→ Excerpted records:
==============================

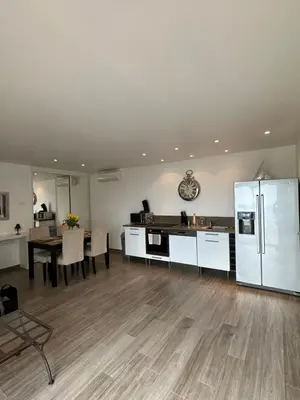 Cuisine ou kitchenette dans l'établissement Appartement Cardo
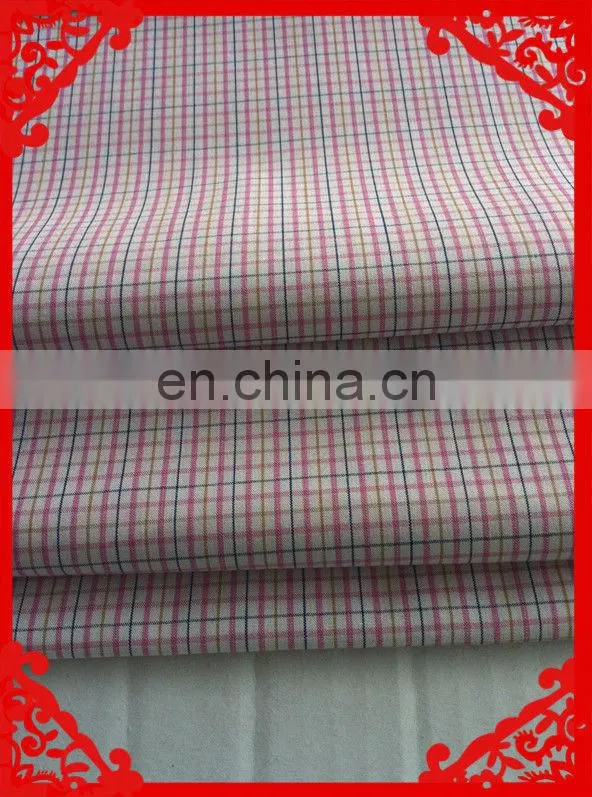 2014 fashion latest new Italy design pattern BAMBOO check fabrics for shirt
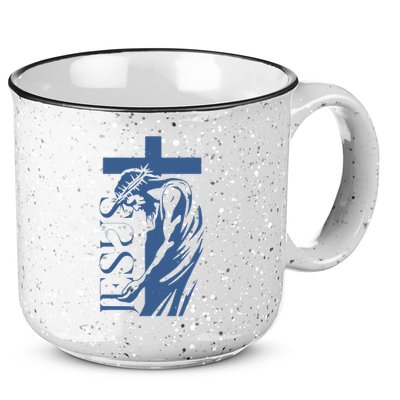Jesus Christ Cross Christian Faith 15oz Campfire Ceramic Mug
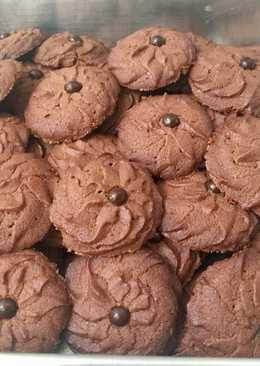 Semprit Coklat Cookies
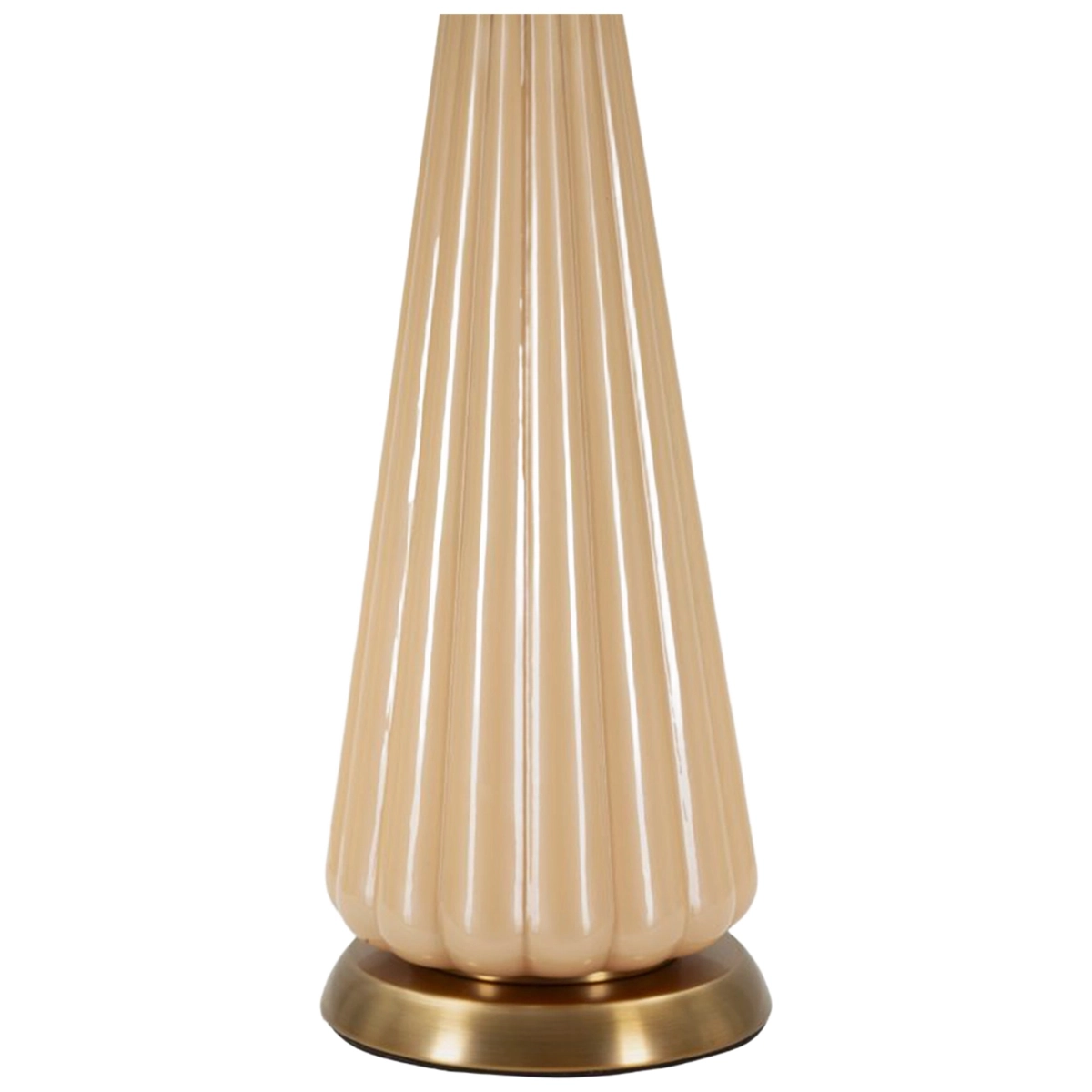 Perly A Table Lamp in Fluted Glass and Fabric Mauro Ferretti — 5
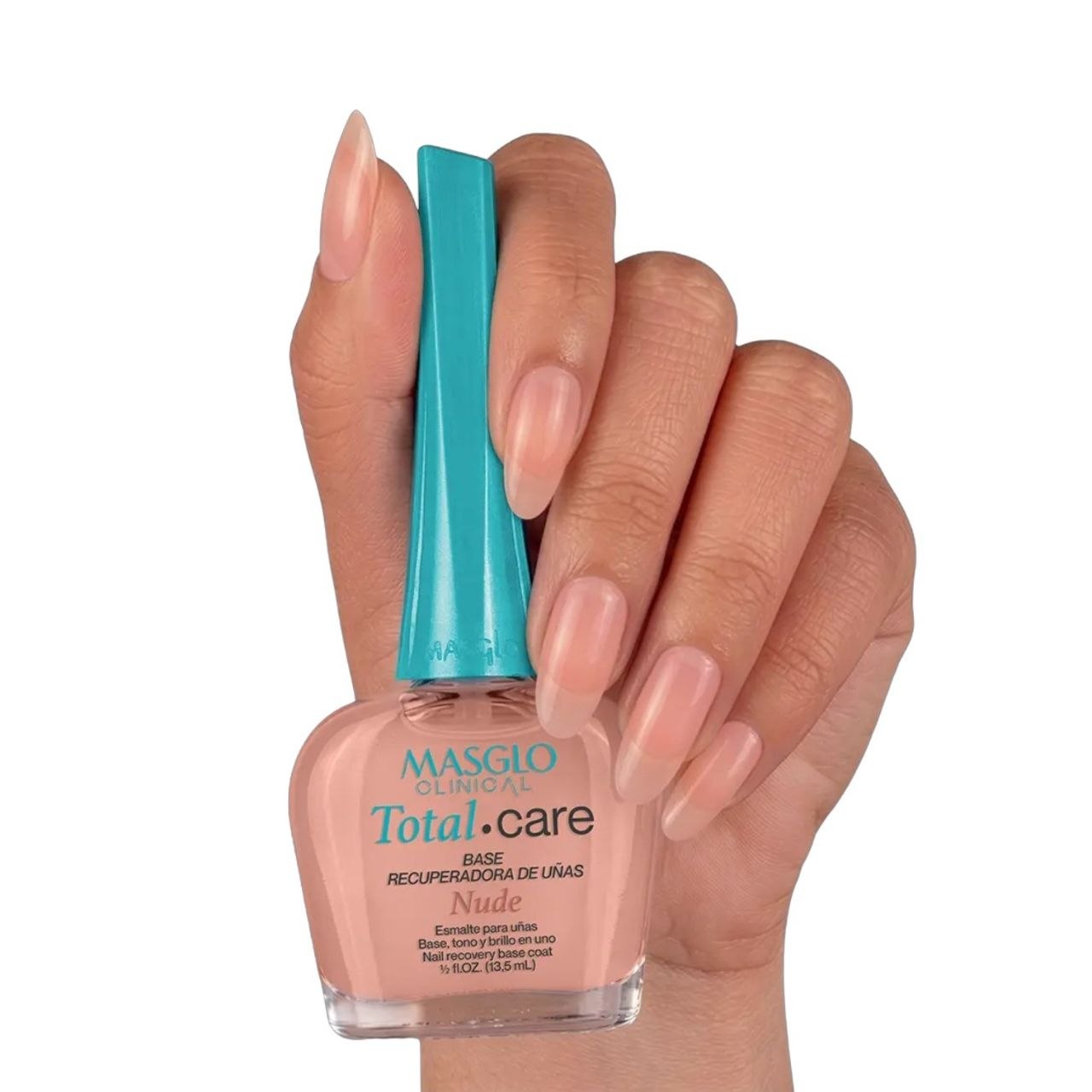 ESMALTE PARA UÑAS NUDE RECUPERADORA COMPLEJO MULTIVITAMÍNICO ENRIQUECIDA CON MICROESFERAS MASGLO CLINICAL 13.5ML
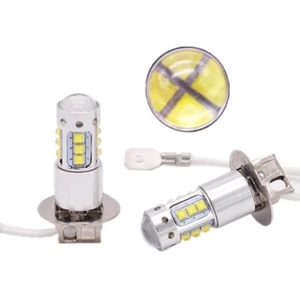 H3 16 LED Super Bright 80W Fog Lights DRL Bulbs X2 - Picture 1 of 10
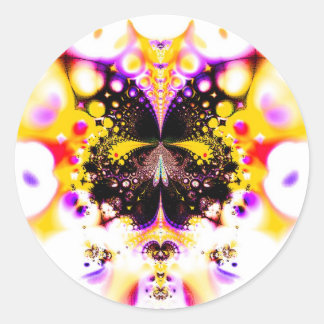 Sticker Rond Psy Fly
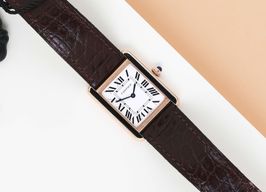 Cartier Tank Solo W5200024 (2017) - Silver dial 31 mm Rose Gold case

==============================

In the data above, start at the line holding "Jesus Christ Cross" and stop after the line holding "Perly A Table"; write out those lines exactly, without pictures.

Jesus Christ Cross Christian Faith 15oz Campfire Ceramic Mug
 Semprit Coklat Cookies
 Perly A Table Lamp in Fluted Glass and Fabric Mauro Ferretti — 5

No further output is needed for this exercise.